▸ About this exercise
Working from the records below, repeat exactly the lines starting at the line that contains "Patterson® Die Spacer" and ending at the line that contains "Thumbnail - Hackett", inclusive.

▼

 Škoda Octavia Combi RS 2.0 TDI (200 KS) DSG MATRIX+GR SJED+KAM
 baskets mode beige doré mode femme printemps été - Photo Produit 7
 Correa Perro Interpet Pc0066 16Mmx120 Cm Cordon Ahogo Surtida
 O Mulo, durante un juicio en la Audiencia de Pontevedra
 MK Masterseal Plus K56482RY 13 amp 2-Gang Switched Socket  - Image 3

▲
▼

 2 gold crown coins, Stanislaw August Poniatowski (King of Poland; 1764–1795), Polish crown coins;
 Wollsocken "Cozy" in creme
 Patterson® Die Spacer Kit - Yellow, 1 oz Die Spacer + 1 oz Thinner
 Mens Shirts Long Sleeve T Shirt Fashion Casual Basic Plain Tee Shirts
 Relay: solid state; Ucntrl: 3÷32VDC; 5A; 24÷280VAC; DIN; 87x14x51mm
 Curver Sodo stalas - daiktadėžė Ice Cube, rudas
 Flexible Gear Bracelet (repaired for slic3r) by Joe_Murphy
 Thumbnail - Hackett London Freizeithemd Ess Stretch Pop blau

▲

▸ Response box
 Patterson® Die Spacer Kit - Yellow, 1 oz Die Spacer + 1 oz Thinner
 Mens Shirts Long Sleeve T Shirt Fashion Casual Basic Plain Tee Shirts
 Relay: solid state; Ucntrl: 3÷32VDC; 5A; 24÷280VAC; DIN; 87x14x51mm
 Curver Sodo stalas - daiktadėžė Ice Cube, rudas
 Flexible Gear Bracelet (repaired for slic3r) by Joe_Murphy
 Thumbnail - Hackett London Freizeithemd Ess Stretch Pop blau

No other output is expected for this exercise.